According to del Razo, Groton-Dunstable has 12 students assigned to the school, including those from Spain, France, Brazil, Norway, Italy, China and Vietnam, with some having been in residence since the start of the current school year and others due to arrive in January.
"Groton-Dunstable is getting such a great mix of countries," said del Razo of the exchange. "These kids are coming in and sharing their culture and their language with the community of Groton. Some of them will also befriend people here and offer opportunities for students here to visit Norway or some other country. At first, the visits will mean revenue for the school district, but later they could present other opportunities to host families."
All youngsters who qualify for the program must be between the ages of 14 and 18.
"The goal is to educate our students in the United States but also to bring culture and diversity into schools and communities," said del Razo. "We want to bring cultures together. That's an important piece of what we do. Students stay with host families who open their doors to them. The students become members of the family, which is an important part of it. They live together and become really close. It provides such a great experience for both families and students who often become lifelong friends. I was a host myself before I went to work for Educatius."
del Razo said Educatius keeps a master list of American high schools that its foreign students can review and choose from.
"Students that are with our program have school portfolios and students will look at all the schools we have and choose their top three," explained del Razo. "We then submit the student portfolios to the schools chosen by students. If the students are turned down by their first-choice school, their portfolios are then sent to their second choice."
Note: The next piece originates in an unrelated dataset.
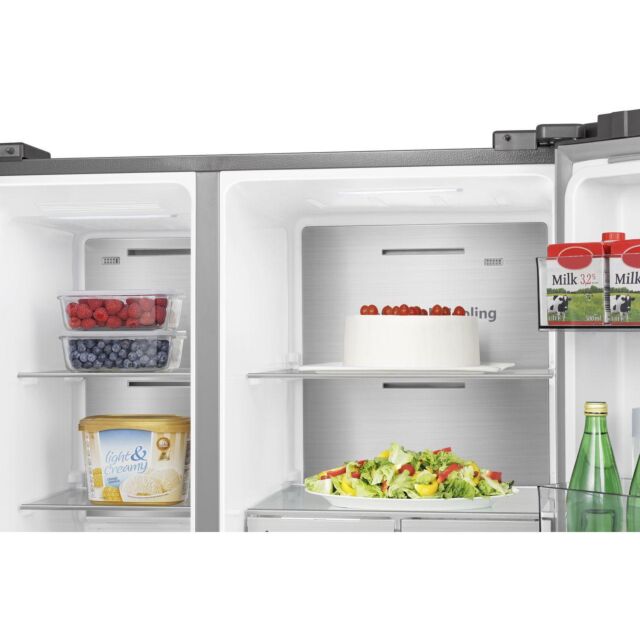 Hisense Pureflat Infinite RS818N4TIC Wifi Connected Non-Plumbed Total No Frost American Fridge Freezer - Stainless Steel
Although del Razo did not say exactly how much money exchanges hands between Educatius and local schools, she did confirm that tuition paid by students equaled local per-pupil costs as well as room and board, with extra financing available for any unforeseen costs to host families.
"This has been our first year in Groton," del Razo said. "We are really excited that we have 12 students going to Groton-Dunstable already. That shows that the high school itself is a great school. You have to be certified in order to accept international students, and Groton-Dunstable received their approval kind of late in the game but were still able to get 12 students to pick the district. We're excited that we have a school like Groton to profile because it's going to be a high-demand school for us."
del Razo said foreign students who apply to Educatius are advised to seek out schools that offer a curriculum that comes closest to matching their interests, be it art, mathematics or technology.
But students' ambitions could never be met if it were not for the willingness of local families to open their homes to them. Still, not just any family is qualified to act as a host.
"We choose host families based on interviews and meeting with organizations like the local PTA," said del Razo. "We really like to choose families that are living in the community so that students can become part of both. All the host families have to go through an application process that includes a criminal background check on anyone over the age of 18 who is living in the home. We also do a home visit to talk to the family and tour their home. We also check references and when a family is chosen, we have a local coordinator who works with them, the students and the schools. So we're really big on supporting families and schools so that visiting students feel that they haven't been left alone. To remain in the program, visiting students must maintain a C average in school."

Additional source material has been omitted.